KPK Sita Uang Tunai di Rumah Dinas Bupati Ponorogo

Menurut Budi, barang bukti tersebut akan menjadi petunjuk bagi penyidik dalam proses penanganan kasus operasi tangkap tangan (OTT) yang melibatkan Bupati Ponorogo

Diterbitkan 12 November 2025, 05:56 WIB
Share
Copy Link
Batalkan
Jadi intinya...
  • KPK geledah rumah dinas Bupati Ponorogo Sugiri Sancoko, sita uang tunai.
  • Penggeledahan ini pengembangan OTT kasus korupsi di Pemkab Ponorogo.
  • Bupati Sugiri dan tiga lainnya jadi tersangka suap, proyek, dan gratifikasi.

Liputan6.com, Jakarta - Komisi Pemberantasan Korupsi (KPK) menggeledah rumah dinas Bupati Ponorogo, Sugiri Sancoko, sebagai bagian dari pengembangan  operasi tangkap tangan (OTT) yang sebelumnya dilakukan KPK. Dalam penggeledahan itu, KPK menyita sejumlah uang tunai.

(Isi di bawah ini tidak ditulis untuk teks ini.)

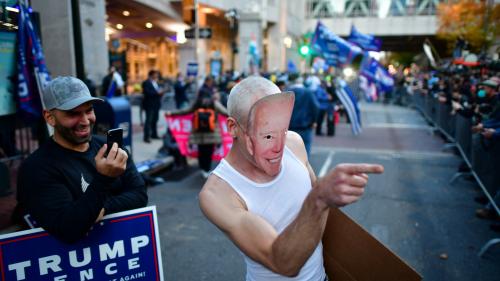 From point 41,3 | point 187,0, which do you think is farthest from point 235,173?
point 187,0

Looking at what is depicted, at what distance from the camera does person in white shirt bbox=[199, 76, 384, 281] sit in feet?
4.06

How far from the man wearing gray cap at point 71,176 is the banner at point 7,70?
292 cm

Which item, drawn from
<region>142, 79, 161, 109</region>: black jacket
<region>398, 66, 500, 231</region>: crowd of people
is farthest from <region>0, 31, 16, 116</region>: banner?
<region>398, 66, 500, 231</region>: crowd of people

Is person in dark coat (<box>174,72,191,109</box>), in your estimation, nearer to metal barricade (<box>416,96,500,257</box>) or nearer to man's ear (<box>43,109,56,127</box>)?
metal barricade (<box>416,96,500,257</box>)

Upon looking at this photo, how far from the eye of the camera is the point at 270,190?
1.70 meters

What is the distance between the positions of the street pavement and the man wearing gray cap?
202 centimetres

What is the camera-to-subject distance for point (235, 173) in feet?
5.62

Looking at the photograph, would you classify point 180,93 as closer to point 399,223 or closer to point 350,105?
point 350,105

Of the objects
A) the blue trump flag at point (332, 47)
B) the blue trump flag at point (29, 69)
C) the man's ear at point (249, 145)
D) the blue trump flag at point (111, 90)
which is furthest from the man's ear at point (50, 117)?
the blue trump flag at point (332, 47)

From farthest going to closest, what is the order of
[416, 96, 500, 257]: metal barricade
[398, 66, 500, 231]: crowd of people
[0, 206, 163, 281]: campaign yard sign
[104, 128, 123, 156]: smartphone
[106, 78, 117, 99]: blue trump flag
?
[106, 78, 117, 99]: blue trump flag → [398, 66, 500, 231]: crowd of people → [416, 96, 500, 257]: metal barricade → [0, 206, 163, 281]: campaign yard sign → [104, 128, 123, 156]: smartphone

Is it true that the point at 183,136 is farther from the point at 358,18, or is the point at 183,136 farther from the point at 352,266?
the point at 358,18

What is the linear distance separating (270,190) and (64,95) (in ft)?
4.44

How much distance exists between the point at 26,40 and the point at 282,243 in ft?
15.2

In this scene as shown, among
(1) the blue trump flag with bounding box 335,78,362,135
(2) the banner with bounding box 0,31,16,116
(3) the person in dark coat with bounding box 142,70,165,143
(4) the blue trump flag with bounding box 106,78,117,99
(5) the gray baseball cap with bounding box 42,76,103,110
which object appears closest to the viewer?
(5) the gray baseball cap with bounding box 42,76,103,110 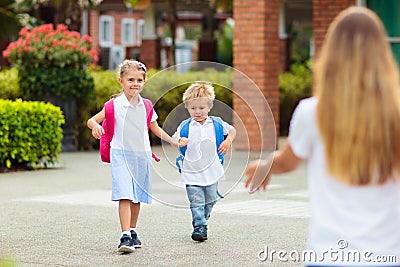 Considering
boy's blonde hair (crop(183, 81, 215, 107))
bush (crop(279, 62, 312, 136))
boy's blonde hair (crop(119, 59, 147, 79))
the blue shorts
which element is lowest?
bush (crop(279, 62, 312, 136))

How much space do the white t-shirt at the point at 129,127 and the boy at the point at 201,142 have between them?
262 millimetres

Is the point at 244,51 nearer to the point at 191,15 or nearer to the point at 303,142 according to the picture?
the point at 303,142

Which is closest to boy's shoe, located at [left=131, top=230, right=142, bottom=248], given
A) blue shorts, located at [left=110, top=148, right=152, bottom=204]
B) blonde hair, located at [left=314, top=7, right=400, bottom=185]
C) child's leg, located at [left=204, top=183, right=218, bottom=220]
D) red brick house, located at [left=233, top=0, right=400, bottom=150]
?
blue shorts, located at [left=110, top=148, right=152, bottom=204]

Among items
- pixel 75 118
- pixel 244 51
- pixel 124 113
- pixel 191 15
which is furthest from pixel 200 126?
pixel 191 15

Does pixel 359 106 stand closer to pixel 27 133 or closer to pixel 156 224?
pixel 156 224

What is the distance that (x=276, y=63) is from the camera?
18.3m

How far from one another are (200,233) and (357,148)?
4.63 meters

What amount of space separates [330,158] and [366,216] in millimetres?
263

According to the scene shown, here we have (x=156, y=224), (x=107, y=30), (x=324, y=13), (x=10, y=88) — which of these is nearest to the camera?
(x=156, y=224)

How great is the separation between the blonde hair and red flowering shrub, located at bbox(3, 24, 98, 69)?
1498 centimetres

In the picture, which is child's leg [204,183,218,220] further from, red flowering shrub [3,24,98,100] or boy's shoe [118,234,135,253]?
red flowering shrub [3,24,98,100]

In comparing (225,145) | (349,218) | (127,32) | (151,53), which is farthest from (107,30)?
(349,218)

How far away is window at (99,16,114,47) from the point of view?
46219 mm

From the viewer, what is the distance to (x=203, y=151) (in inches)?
298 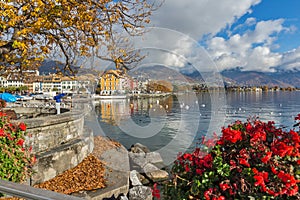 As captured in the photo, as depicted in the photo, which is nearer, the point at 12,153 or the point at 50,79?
the point at 12,153

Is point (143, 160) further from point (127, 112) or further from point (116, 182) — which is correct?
point (127, 112)

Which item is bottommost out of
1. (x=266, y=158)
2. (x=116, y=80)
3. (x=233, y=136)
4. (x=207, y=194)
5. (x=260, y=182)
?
(x=207, y=194)

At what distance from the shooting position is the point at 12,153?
4500 millimetres

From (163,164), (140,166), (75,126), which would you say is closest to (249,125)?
(75,126)

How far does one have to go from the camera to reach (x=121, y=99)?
94.2m

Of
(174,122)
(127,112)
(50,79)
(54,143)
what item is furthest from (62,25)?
(127,112)

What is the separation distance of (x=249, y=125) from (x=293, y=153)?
0.53m

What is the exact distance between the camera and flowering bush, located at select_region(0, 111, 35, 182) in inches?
171

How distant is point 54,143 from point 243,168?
6.31 m

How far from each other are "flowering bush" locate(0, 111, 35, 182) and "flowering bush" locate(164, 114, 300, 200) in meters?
3.30

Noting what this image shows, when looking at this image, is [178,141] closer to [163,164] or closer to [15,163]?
[163,164]

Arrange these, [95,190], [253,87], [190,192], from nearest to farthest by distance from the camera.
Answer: [190,192] < [95,190] < [253,87]

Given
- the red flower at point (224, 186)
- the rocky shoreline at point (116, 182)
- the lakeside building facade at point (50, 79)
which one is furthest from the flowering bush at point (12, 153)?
the lakeside building facade at point (50, 79)

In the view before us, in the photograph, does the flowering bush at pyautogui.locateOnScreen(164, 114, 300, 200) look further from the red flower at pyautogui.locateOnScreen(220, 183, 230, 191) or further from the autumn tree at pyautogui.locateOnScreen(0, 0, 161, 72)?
the autumn tree at pyautogui.locateOnScreen(0, 0, 161, 72)
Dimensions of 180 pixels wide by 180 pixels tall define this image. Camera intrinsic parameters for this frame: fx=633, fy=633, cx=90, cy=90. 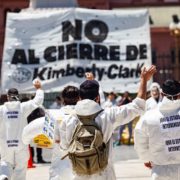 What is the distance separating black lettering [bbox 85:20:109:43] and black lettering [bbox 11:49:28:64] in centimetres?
196

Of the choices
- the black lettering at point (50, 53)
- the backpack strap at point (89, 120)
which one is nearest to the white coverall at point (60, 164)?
the backpack strap at point (89, 120)

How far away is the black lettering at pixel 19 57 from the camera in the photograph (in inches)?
728

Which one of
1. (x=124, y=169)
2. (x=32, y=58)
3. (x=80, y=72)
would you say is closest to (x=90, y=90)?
(x=124, y=169)

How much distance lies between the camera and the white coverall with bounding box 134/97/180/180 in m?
5.78

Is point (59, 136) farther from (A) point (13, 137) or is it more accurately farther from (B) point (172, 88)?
(A) point (13, 137)

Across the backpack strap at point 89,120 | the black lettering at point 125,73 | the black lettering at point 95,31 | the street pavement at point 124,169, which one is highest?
the black lettering at point 95,31

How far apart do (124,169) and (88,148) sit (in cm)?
679

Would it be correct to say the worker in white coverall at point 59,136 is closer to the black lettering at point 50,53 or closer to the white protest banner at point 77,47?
the white protest banner at point 77,47

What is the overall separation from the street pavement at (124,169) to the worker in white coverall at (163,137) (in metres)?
4.79

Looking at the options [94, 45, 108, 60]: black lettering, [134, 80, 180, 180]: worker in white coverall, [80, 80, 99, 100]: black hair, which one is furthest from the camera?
[94, 45, 108, 60]: black lettering

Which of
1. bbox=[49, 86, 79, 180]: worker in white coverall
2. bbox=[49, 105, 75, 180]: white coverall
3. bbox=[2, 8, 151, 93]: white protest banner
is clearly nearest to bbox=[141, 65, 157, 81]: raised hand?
bbox=[49, 86, 79, 180]: worker in white coverall

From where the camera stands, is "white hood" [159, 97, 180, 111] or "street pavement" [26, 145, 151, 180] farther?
"street pavement" [26, 145, 151, 180]

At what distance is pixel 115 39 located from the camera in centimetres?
1884

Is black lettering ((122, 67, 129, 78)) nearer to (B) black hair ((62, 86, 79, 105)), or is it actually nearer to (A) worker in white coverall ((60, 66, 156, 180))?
(B) black hair ((62, 86, 79, 105)) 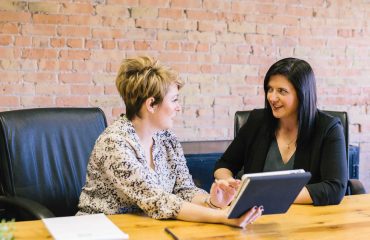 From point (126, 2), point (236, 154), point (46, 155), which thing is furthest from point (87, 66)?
point (236, 154)

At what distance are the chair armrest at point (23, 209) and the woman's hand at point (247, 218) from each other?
0.69 m

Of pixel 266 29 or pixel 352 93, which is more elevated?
pixel 266 29

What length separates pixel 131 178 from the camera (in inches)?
75.6

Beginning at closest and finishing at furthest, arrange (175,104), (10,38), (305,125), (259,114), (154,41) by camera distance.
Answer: (175,104), (305,125), (259,114), (10,38), (154,41)

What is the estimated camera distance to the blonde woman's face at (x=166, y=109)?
208cm

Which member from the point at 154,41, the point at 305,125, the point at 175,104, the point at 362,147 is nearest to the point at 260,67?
the point at 154,41

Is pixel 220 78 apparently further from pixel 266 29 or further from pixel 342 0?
pixel 342 0

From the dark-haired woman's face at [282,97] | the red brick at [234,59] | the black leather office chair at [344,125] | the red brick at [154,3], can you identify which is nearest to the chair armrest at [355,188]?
the black leather office chair at [344,125]

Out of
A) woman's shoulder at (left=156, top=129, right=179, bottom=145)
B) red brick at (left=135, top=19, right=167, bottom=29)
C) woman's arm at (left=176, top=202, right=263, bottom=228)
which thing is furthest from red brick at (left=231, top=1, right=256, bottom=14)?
woman's arm at (left=176, top=202, right=263, bottom=228)

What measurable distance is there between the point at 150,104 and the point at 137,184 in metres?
0.32

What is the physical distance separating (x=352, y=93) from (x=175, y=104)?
7.82 ft

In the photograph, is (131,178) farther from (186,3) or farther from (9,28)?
(186,3)

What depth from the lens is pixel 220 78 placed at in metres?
Answer: 3.76

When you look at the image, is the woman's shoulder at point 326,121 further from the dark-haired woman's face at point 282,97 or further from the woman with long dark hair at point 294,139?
the dark-haired woman's face at point 282,97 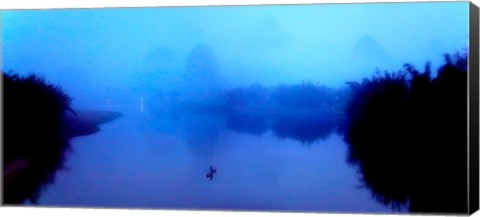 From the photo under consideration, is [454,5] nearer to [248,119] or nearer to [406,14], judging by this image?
[406,14]

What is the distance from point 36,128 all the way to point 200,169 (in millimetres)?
1596

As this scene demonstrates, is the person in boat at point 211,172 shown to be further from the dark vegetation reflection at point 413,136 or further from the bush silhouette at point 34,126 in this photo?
the bush silhouette at point 34,126

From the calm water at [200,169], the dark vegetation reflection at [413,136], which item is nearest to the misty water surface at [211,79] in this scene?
the calm water at [200,169]

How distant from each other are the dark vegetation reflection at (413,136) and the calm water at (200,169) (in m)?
0.18

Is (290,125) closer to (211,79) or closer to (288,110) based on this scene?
(288,110)

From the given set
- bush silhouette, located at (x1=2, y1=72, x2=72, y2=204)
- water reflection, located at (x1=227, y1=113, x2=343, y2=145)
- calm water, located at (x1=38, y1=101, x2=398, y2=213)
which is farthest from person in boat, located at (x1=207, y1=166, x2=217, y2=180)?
bush silhouette, located at (x1=2, y1=72, x2=72, y2=204)

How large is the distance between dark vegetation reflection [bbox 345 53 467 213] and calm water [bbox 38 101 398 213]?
0.61 feet

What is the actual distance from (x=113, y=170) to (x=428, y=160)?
283 centimetres

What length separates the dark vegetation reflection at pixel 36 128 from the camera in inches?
288

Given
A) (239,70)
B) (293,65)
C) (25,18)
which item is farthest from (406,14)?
(25,18)

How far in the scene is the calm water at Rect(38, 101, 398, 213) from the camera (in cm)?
702

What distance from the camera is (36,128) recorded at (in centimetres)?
735

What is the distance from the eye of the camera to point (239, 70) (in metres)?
7.05

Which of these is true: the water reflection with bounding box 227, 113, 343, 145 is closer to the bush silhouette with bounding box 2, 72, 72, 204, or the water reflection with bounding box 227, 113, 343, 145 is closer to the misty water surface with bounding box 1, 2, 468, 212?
the misty water surface with bounding box 1, 2, 468, 212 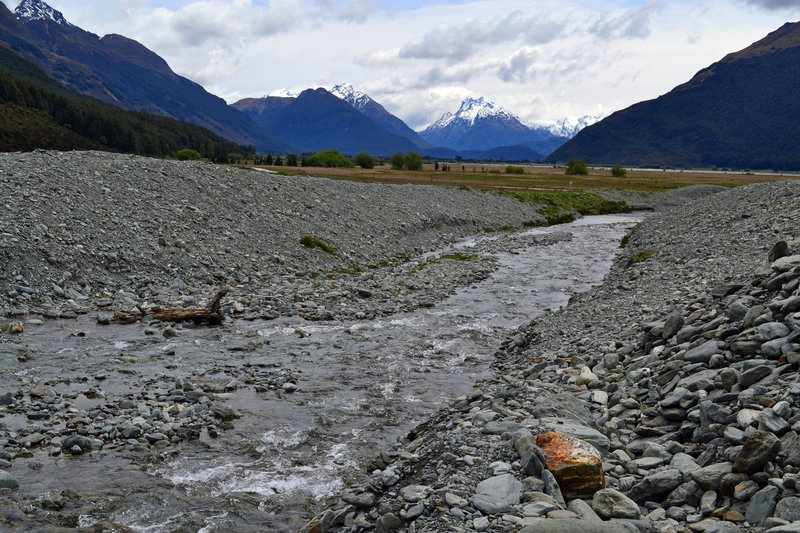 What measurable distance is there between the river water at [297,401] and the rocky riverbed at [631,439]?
135 centimetres

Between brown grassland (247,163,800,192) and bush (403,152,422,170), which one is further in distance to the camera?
bush (403,152,422,170)

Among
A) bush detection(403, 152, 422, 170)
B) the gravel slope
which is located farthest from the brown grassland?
the gravel slope

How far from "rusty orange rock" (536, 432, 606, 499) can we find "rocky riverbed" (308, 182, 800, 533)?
0.8 inches

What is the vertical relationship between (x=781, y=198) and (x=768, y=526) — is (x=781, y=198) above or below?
above

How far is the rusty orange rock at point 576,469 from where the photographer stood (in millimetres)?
8188

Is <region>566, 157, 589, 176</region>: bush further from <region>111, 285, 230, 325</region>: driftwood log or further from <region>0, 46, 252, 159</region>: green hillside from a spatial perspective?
<region>111, 285, 230, 325</region>: driftwood log

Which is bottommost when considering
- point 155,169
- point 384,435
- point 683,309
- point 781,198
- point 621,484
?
point 384,435

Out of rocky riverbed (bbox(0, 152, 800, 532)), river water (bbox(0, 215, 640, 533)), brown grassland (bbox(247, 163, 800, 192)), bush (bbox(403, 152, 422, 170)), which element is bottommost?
river water (bbox(0, 215, 640, 533))

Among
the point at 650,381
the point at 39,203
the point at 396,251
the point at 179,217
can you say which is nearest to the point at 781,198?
the point at 396,251

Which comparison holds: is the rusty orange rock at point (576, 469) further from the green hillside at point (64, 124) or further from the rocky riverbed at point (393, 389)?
the green hillside at point (64, 124)

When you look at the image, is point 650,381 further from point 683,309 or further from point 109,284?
point 109,284

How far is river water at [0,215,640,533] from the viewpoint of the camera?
10.2 m

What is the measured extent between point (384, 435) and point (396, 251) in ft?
93.5

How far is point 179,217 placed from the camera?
108 feet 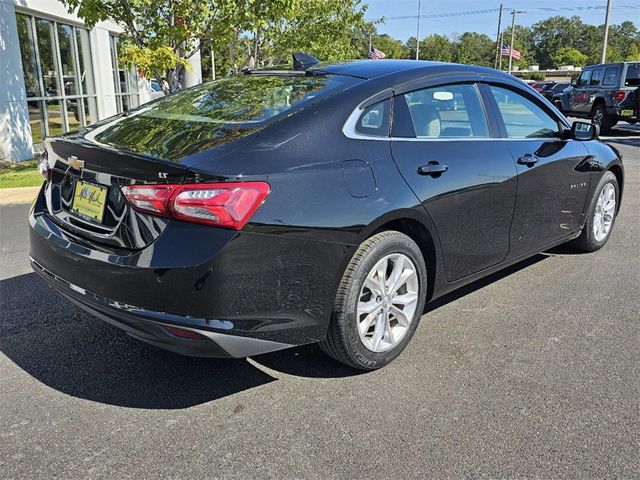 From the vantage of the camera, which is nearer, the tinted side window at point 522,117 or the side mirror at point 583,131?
the tinted side window at point 522,117

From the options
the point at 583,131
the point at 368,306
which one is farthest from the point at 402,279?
the point at 583,131

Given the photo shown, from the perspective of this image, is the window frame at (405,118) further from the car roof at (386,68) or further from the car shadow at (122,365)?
the car shadow at (122,365)

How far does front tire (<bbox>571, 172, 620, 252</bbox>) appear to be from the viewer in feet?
17.1

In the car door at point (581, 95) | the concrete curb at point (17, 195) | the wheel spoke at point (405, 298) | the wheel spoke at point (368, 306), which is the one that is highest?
the car door at point (581, 95)

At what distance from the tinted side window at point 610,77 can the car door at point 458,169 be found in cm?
1558

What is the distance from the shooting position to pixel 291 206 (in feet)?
8.97

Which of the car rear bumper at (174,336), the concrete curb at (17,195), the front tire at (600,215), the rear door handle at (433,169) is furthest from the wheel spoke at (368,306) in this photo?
the concrete curb at (17,195)

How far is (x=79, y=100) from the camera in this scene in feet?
49.0

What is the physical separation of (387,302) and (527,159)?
163 centimetres

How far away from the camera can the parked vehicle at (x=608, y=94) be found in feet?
54.1

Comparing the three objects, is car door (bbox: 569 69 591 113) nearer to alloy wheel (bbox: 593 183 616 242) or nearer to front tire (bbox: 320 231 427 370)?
alloy wheel (bbox: 593 183 616 242)

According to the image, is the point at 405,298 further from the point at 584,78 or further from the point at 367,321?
the point at 584,78

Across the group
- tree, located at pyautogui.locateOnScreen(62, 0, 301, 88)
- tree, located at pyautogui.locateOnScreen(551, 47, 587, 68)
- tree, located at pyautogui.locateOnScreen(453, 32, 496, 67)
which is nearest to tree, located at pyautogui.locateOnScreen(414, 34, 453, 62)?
tree, located at pyautogui.locateOnScreen(453, 32, 496, 67)

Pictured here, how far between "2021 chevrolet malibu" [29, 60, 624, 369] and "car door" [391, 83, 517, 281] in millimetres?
12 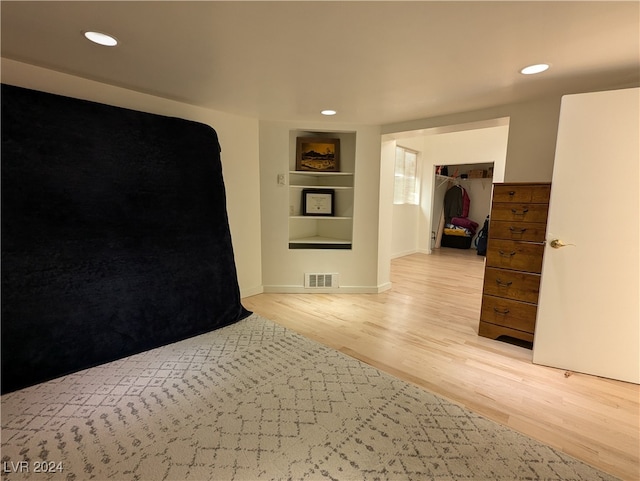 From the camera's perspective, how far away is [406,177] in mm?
6234

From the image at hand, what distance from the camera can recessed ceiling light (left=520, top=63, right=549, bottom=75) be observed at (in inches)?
73.1

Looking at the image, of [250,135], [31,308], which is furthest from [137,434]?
[250,135]

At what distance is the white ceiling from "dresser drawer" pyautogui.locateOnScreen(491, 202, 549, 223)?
0.89m

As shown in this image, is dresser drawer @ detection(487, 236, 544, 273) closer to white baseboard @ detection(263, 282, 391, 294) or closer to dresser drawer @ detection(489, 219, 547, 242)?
dresser drawer @ detection(489, 219, 547, 242)

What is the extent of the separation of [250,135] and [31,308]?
246 centimetres

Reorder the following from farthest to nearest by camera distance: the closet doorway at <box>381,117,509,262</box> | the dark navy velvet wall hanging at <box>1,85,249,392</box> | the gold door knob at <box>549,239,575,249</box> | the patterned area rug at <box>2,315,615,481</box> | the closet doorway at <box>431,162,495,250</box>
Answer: the closet doorway at <box>431,162,495,250</box>, the closet doorway at <box>381,117,509,262</box>, the gold door knob at <box>549,239,575,249</box>, the dark navy velvet wall hanging at <box>1,85,249,392</box>, the patterned area rug at <box>2,315,615,481</box>

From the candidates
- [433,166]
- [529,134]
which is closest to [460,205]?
[433,166]

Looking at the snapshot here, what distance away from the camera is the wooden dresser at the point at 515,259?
2.35 metres

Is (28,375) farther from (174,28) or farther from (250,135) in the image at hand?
(250,135)

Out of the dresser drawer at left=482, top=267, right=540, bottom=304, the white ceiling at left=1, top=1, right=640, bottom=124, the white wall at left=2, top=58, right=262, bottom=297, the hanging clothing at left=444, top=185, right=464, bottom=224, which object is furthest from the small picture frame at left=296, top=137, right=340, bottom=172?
the hanging clothing at left=444, top=185, right=464, bottom=224

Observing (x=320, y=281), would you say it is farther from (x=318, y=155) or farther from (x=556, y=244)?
(x=556, y=244)

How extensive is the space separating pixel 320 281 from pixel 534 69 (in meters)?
2.84

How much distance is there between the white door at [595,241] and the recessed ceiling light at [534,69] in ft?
0.95

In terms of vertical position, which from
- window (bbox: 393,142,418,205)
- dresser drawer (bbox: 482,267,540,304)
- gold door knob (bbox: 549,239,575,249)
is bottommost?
dresser drawer (bbox: 482,267,540,304) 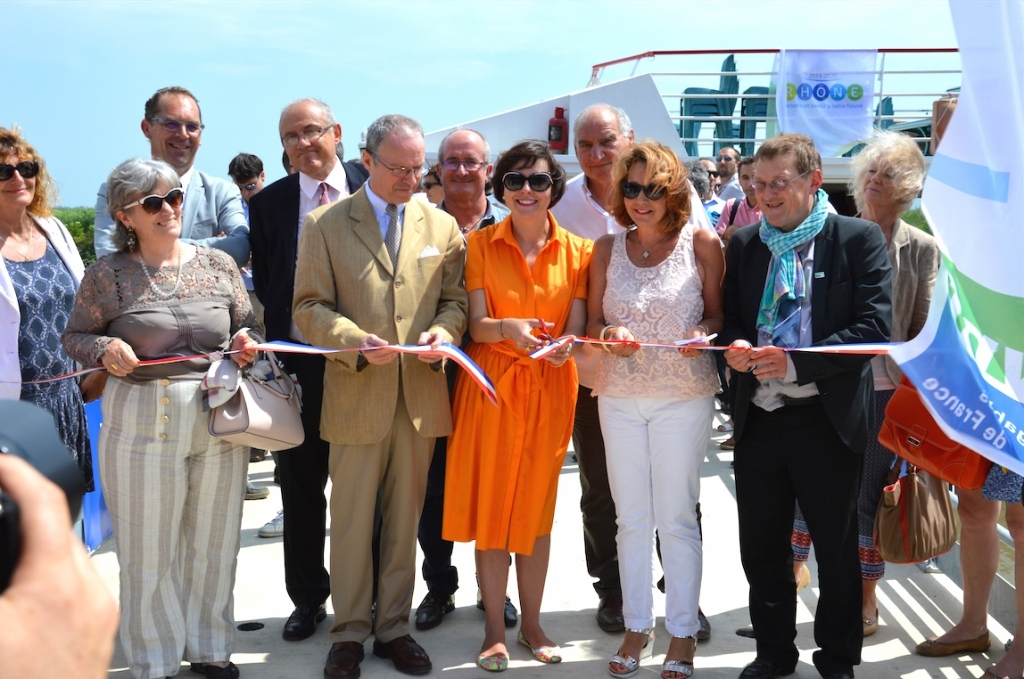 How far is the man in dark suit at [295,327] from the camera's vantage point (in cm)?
480

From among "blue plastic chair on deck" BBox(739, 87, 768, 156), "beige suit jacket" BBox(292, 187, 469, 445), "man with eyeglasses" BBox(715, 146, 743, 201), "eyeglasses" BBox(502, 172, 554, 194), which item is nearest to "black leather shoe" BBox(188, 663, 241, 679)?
"beige suit jacket" BBox(292, 187, 469, 445)

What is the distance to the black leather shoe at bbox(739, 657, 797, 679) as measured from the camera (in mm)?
4199

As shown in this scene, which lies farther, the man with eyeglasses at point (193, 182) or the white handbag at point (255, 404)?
the man with eyeglasses at point (193, 182)

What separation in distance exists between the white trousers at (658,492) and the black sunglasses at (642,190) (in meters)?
A: 0.91

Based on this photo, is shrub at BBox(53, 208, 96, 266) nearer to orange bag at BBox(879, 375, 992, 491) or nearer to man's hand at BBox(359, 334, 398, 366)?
man's hand at BBox(359, 334, 398, 366)

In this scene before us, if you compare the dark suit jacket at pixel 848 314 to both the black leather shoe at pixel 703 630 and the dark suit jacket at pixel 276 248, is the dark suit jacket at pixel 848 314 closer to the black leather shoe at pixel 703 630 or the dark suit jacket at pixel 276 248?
the black leather shoe at pixel 703 630

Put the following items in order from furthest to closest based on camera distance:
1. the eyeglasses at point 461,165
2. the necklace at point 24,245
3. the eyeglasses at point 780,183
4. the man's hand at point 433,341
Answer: the eyeglasses at point 461,165, the necklace at point 24,245, the man's hand at point 433,341, the eyeglasses at point 780,183

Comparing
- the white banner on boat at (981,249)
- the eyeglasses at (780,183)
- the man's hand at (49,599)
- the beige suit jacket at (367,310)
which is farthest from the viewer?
the beige suit jacket at (367,310)

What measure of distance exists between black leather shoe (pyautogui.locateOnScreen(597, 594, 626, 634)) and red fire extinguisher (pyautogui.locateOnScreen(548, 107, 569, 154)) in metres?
10.7

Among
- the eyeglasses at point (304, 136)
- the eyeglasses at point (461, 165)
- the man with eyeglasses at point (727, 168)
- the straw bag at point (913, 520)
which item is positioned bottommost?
the straw bag at point (913, 520)

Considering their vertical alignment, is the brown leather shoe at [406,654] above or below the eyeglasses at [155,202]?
below

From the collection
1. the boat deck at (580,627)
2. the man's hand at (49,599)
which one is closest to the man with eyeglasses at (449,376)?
the boat deck at (580,627)

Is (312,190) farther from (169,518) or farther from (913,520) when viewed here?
(913,520)

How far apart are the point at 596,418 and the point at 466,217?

“Dari rumah dinas bupati, penyidik juga mengamankan barang bukti uang,” ujar Juru Bicara KPK Budi Prasetyo kepada wartawan di Jakarta, dikutip dari Antara, Selasa (11/11/2025).

Menurut Budi, barang bukti tersebut akan menjadi petunjuk bagi penyidik dalam proses penanganan kasus operasi tangkap tangan (OTT) yang melibatkan Sugiri Sancoko saat menjabat sebagai Bupati Ponorogo.

Sebelumnya, pada 9 November 2025, KPK mengumumkan menetapkan empat orang sebagai tersangka kasus dugaan suap pengurusan jabatan, proyek pekerjaan di Rumah Sakit Umum Daerah Dr. Harjono Ponorogo, dan penerimaan lainnya atau gratifikasi di lingkungan Pemerintah Kabupaten Ponorogo, Jawa Timur.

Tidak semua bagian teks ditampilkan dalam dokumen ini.